El azaroso destino de la biblioteca del fundador de "El Caso"

En fecha 3 de junio de 2014, mi amigo, don Eugenio José Suárez Gómez, fundador de "El Caso" y quince publicaciones más, otorgó testamento ante el notario de Piedras Blancas, Castrillón, don Ángel María Martínez Ceyanes. En virtud de la cláusula sexta del mismo, legó a su nieta, doña Alejandra Clemente Suárez, los libros que se hallaren dentro de su domicilio a su fallecimiento, excluidos los que en otro apartado del mismo legó a su hijo Borja.

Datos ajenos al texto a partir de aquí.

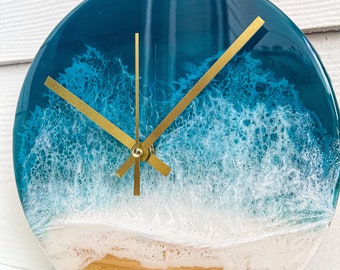 Horloge murale personnalisée au design océanique | Décoration de maison de plage | Horloge côtière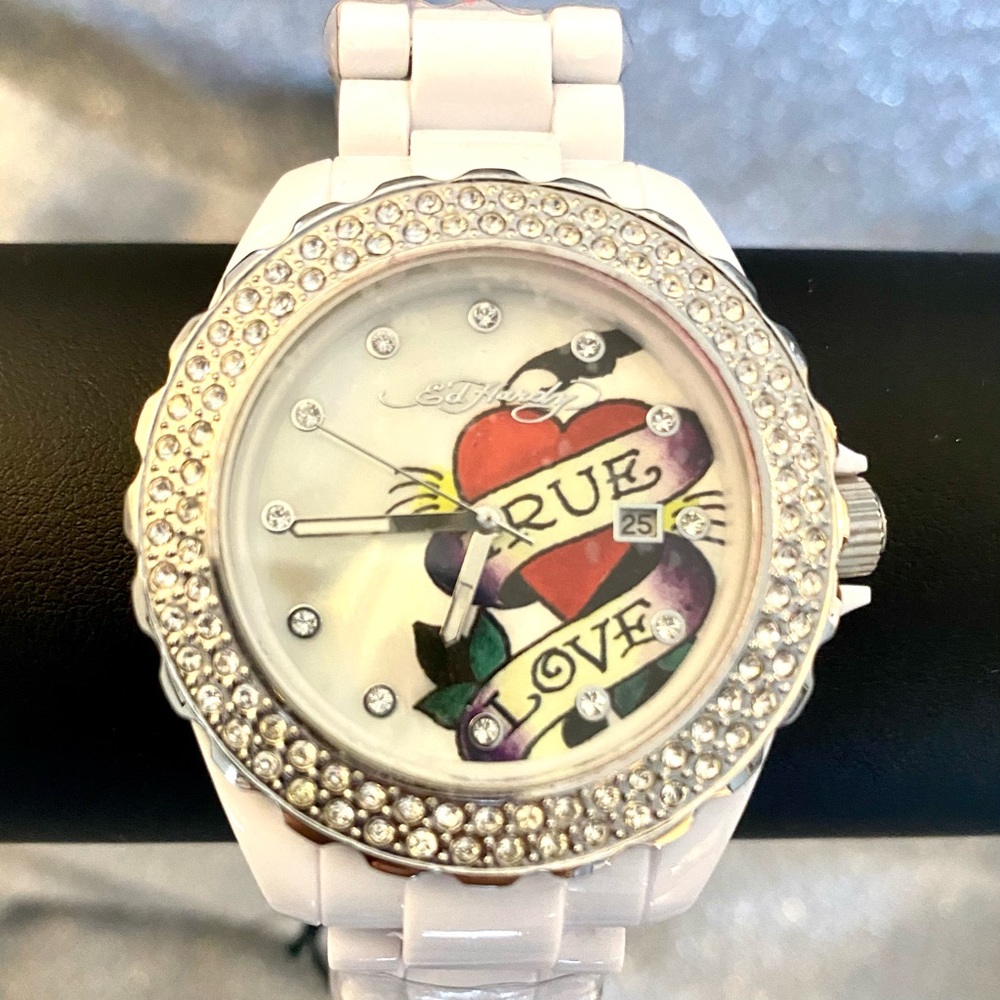 Ed Hardy White and Silver Women's Watch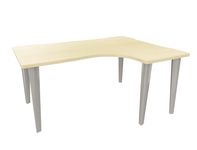Bureau compact 90° à droite EVIDENCE - Pieds aluminium - Plateau imitation érable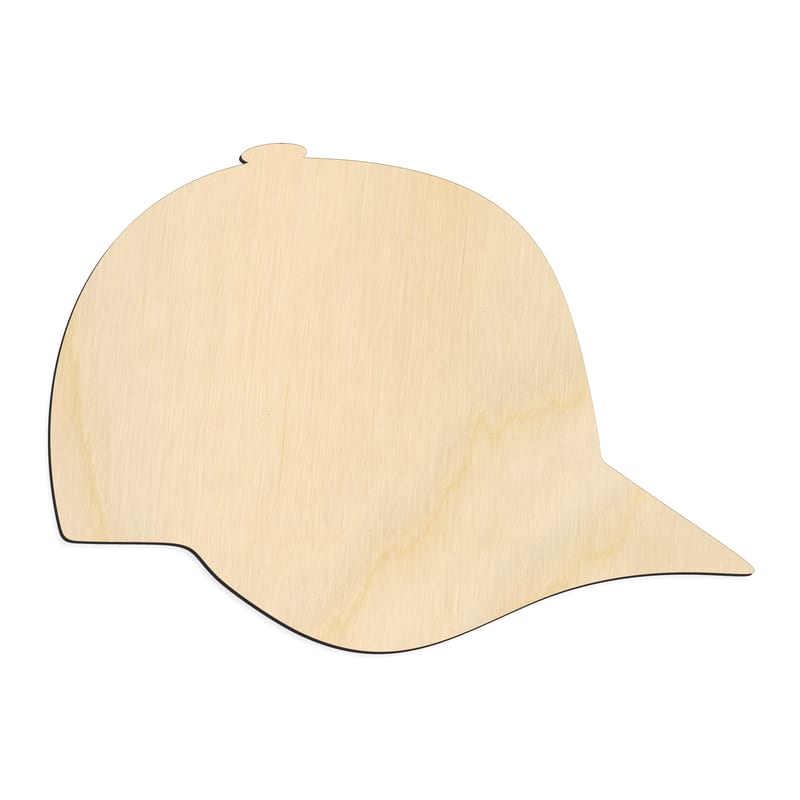 Laser-cut baltic birch silhouette of BASEBALL CAP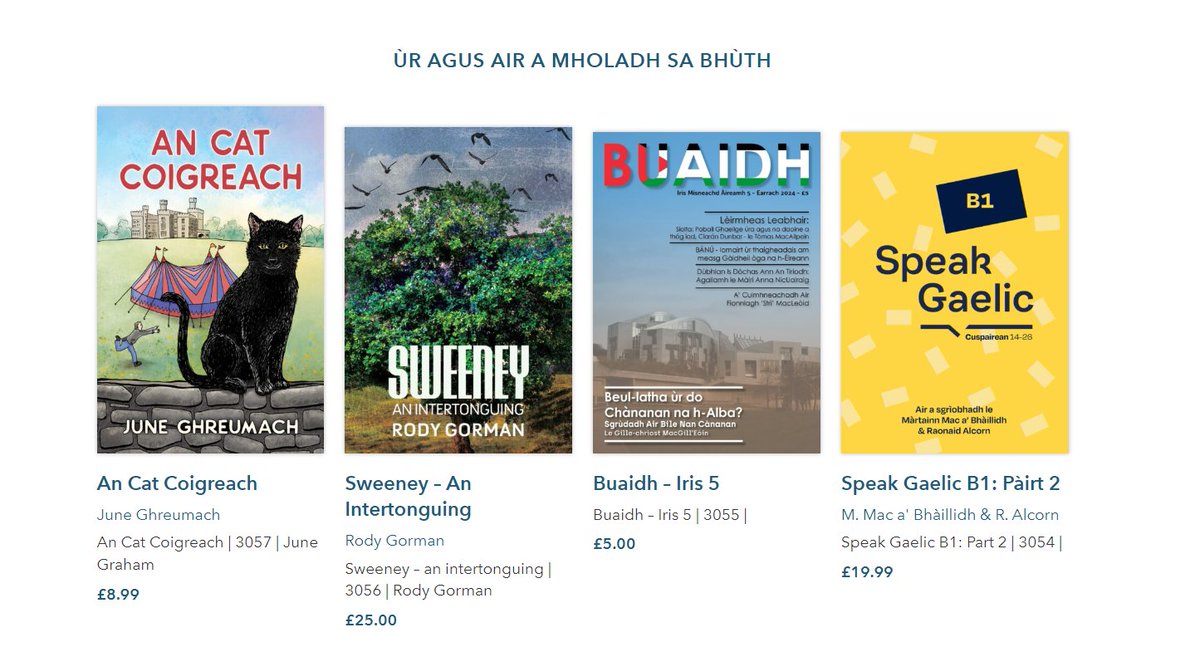 Abair deagh rudan as urrainn dhut ceannach air làrach-lìn Chomhairle nan Leabhraichean. 👀

gaelicbooks.org/?lang=gd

Al mismo tiempo, en la cláusula décima del referido testamento nombró a quien esto escribe albacea, contador-partidor con todas las facultades legales y jurisprudenciales necesarias hasta dejar completamente terminadas las operaciones de dicha partición sucesoria, otorgándome, para dicho menester, el plazo máximo de cinco años a contar del fallecimiento del testador, facultándome expresamente a proceder a la venta de dichos libros si fuere preciso.

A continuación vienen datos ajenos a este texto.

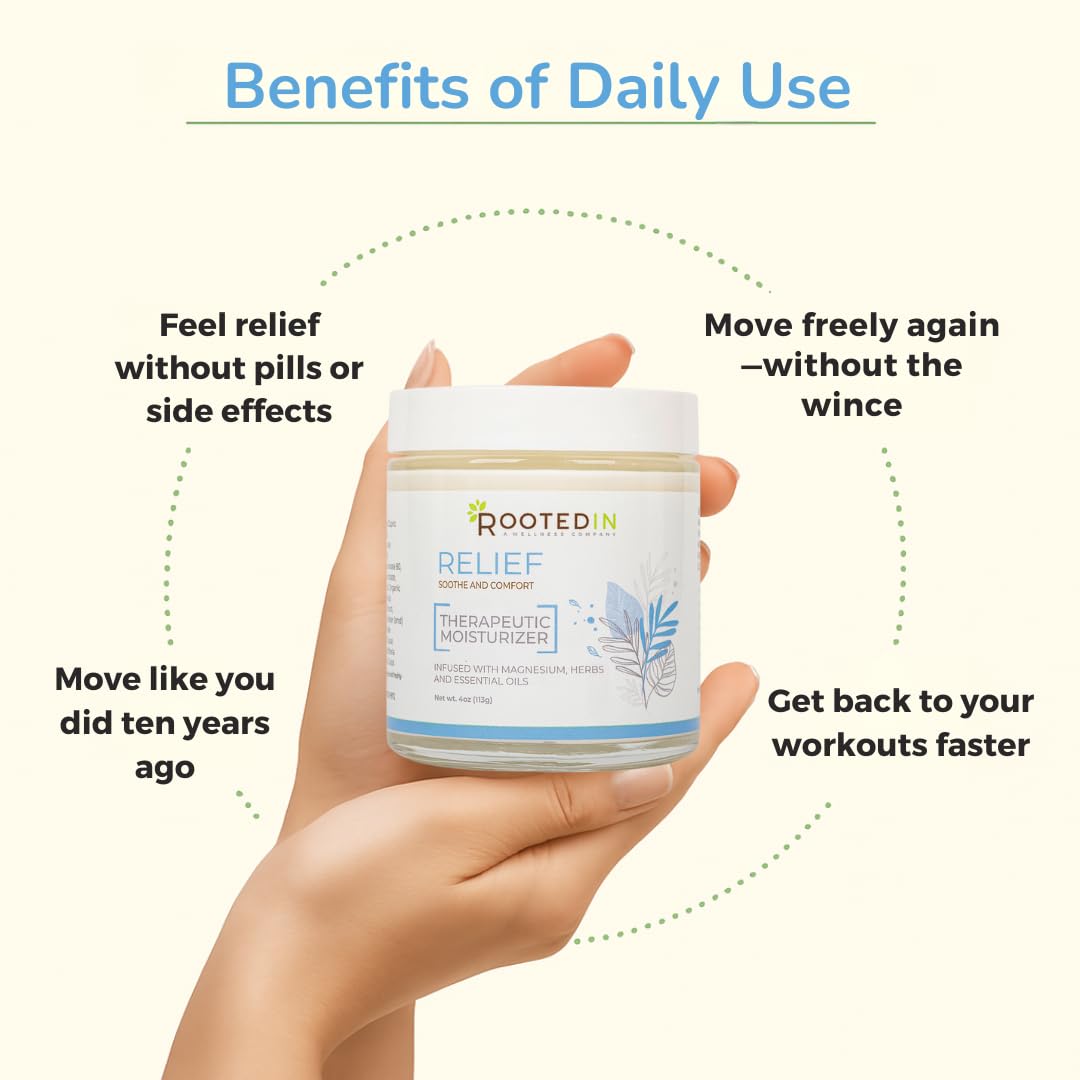 Rooted In Relief Magnesium Cream – 500mg Magnesium Chloride per Teaspoon – Enriched with Arnica, Comfrey & Botanical Blend – Targeted Muscle Support & Topical Relaxation – 4 oz Glass Jar Rooted InAu supplements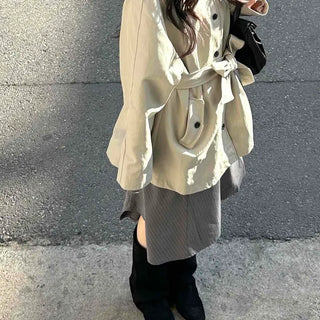 Loose Fit Back Slit Contrast Sleeve Trench Jacket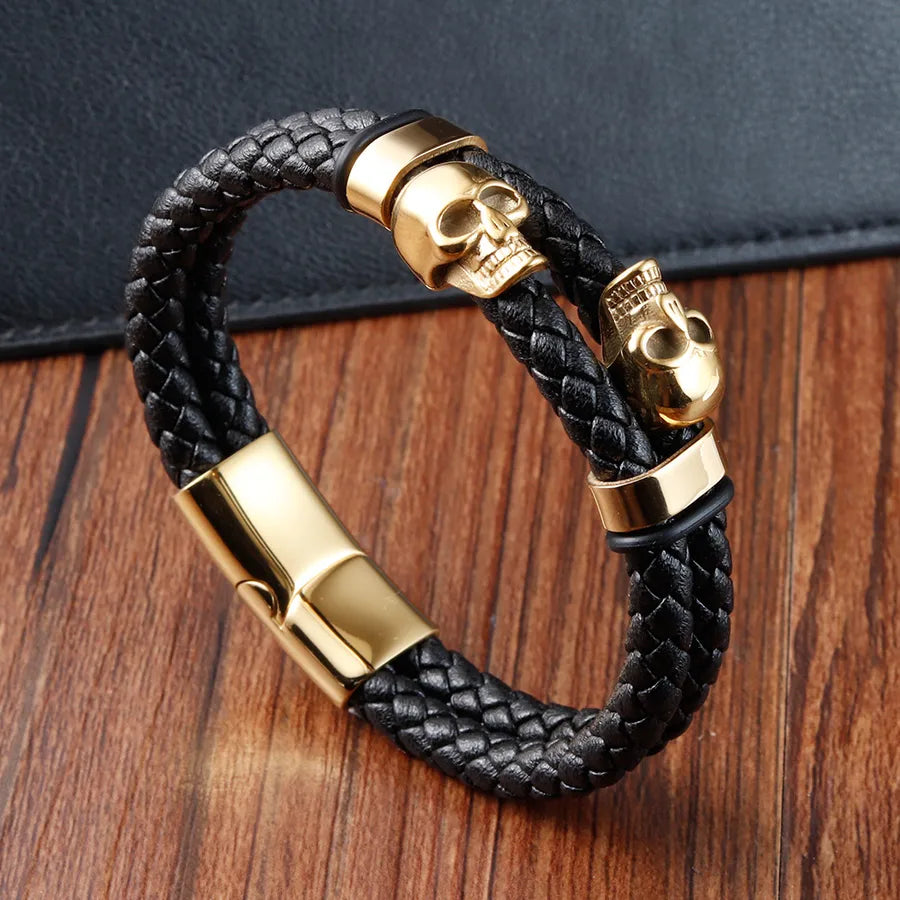Vintage Style Classic Style Skull 316L Stainless Steel  Pu Leather Woven Chain Wrap Bracelets Wholesale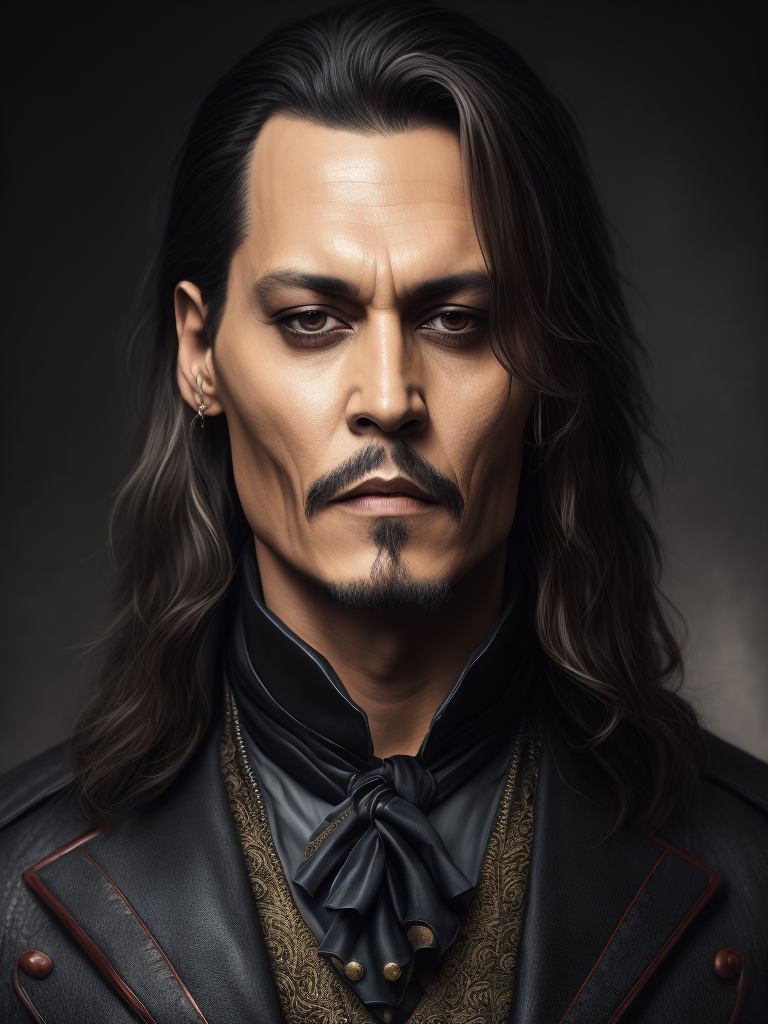 Portrait of Johnny Depp as Count Dracula, majestic look, long hair, he wears 18th-century style clothing, dark background, contrasting light, detailed face, muted tones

En virtud de una fuerte amistad personal con él, a quien por otra parte había entrevistado en mi programa de televisión con sumo deleite y satisfacción en dos ocasiones para que me contara su enriquecedora y jugosa biografía, me comprometí personalmente, siguiendo sus deseos, a donar al Ayuntamiento de Castrillón la totalidad de los libros anteriormente mencionados, dado que Salinas, el lugar donde vivió sus últimos años y encontró la paz espiritual, pertenece a dicho concejo.

Una vez producido su tránsito hacia la eternidad me puse inmediatamente en movimiento para satisfacer dicha obligación moral, creyendo que un legado tan importante de libros, más de dos mil, y tratándose de quien se trataba, iba a obtener todo tipo de facilidades, ayudas y ausencia de trámites burocráticos absurdos.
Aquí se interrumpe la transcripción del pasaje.